Despite the longstanding evidence of the usage of CP or hyperimmune immunoglobulin, its clinical efficacy remains unclear with weak conclusions, likely because CP was used only in critical situations, during massive epidemic/pandemic outbreaks, requiring immediate actions. The effectiveness of CP therapy appears to differ depending on the pathogen and treatment protocols (eg, timing, volume, and dosing of administration).

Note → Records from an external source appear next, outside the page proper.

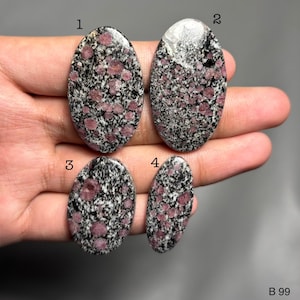 May include: Four oval gemstones with a speckled pattern of pink and black. The stones are held in a hand against a grey background. The gemstones vary in size and shape, with a polished surface. The bottom right corner of the image has the text "B 99".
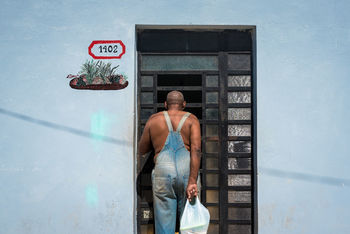 Rear view man with plastic bag standing against closed door of house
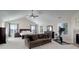 Serene primary bedroom with vaulted ceilings, large windows, and a comfortable sitting area with a fireplace at 6078 Bridle Path Ln, Parker, CO 80134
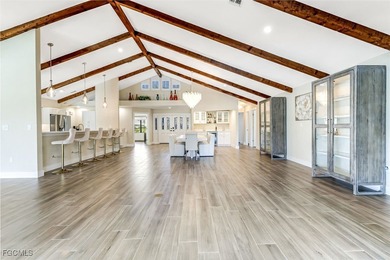 This beautifully reimagined 3-bedroom home with a private den on The Forest Country Club in Florida - for sale on GolfHomes.com, golf home, golf lot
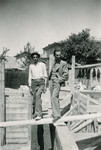 Architect Moshe (Buky) Finci and another man pose at a construction site.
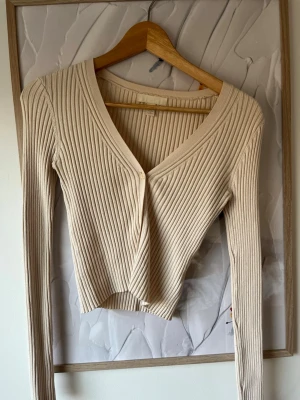 Beige ribbad omlottkofta - Trendig beige ribbad omlottkofta med djup V-ringning och lång ärm. Kortare modell med en knapp framtill. 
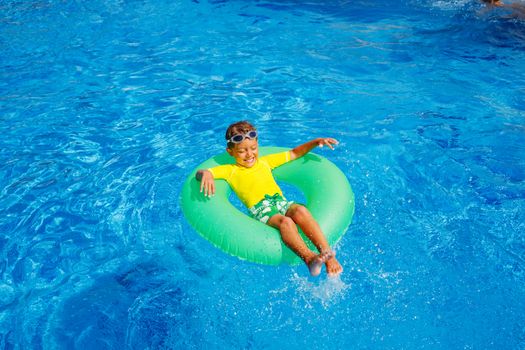 Cute little boy swims in a pool in an green life preserver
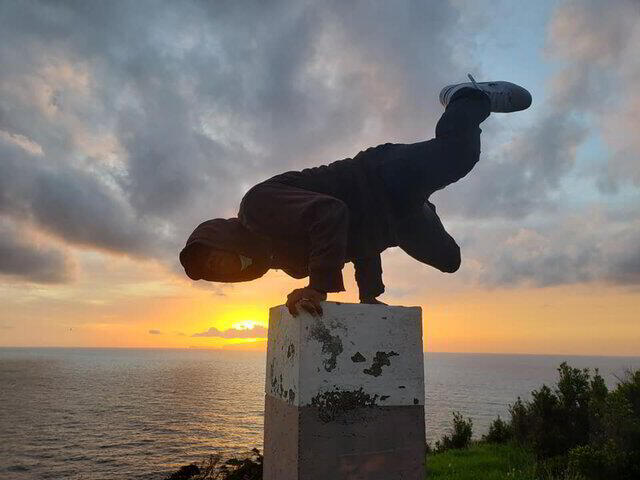 Doing a bboy freeze overseas in Madeira during the sunrise.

Since this is one of the few available viable treatments under application against the 2019-nCoV, there is an impending need for governments to formulate healthcare practice guidelines. Guidelines that ensure biosafety of collected medicinal and biological products, their storage and overall safety, and preventing contamination have yet to be set in place. A key commentary by USFDA in collaboration with researchers from other key COVID-19 institutions also highlights the need for low and middle-income countries to ensure that an adequate supply of quality and safe blood components should be maintained for transfusion, which is essential to meet the primary healthcare needs of the population. The COVID-19 epidemic responses reinstate the importance of building an organized and sustainable national blood system whilst steps are taken to provide appropriately collected, tested, and processed COVID-19 convalescent plasma for investigational clinical use.
Convalescent plasma’s immediate use enables a promising method of managing COVID-19 patients while specific vaccines and treatments are evaluated and brought to scale. CP from donors who recovered from COVID-19 is considered as the most promising when used as prophylaxis or when administered shortly after symptom onset (within 14 days). The immunity is considered to last from weeks to months.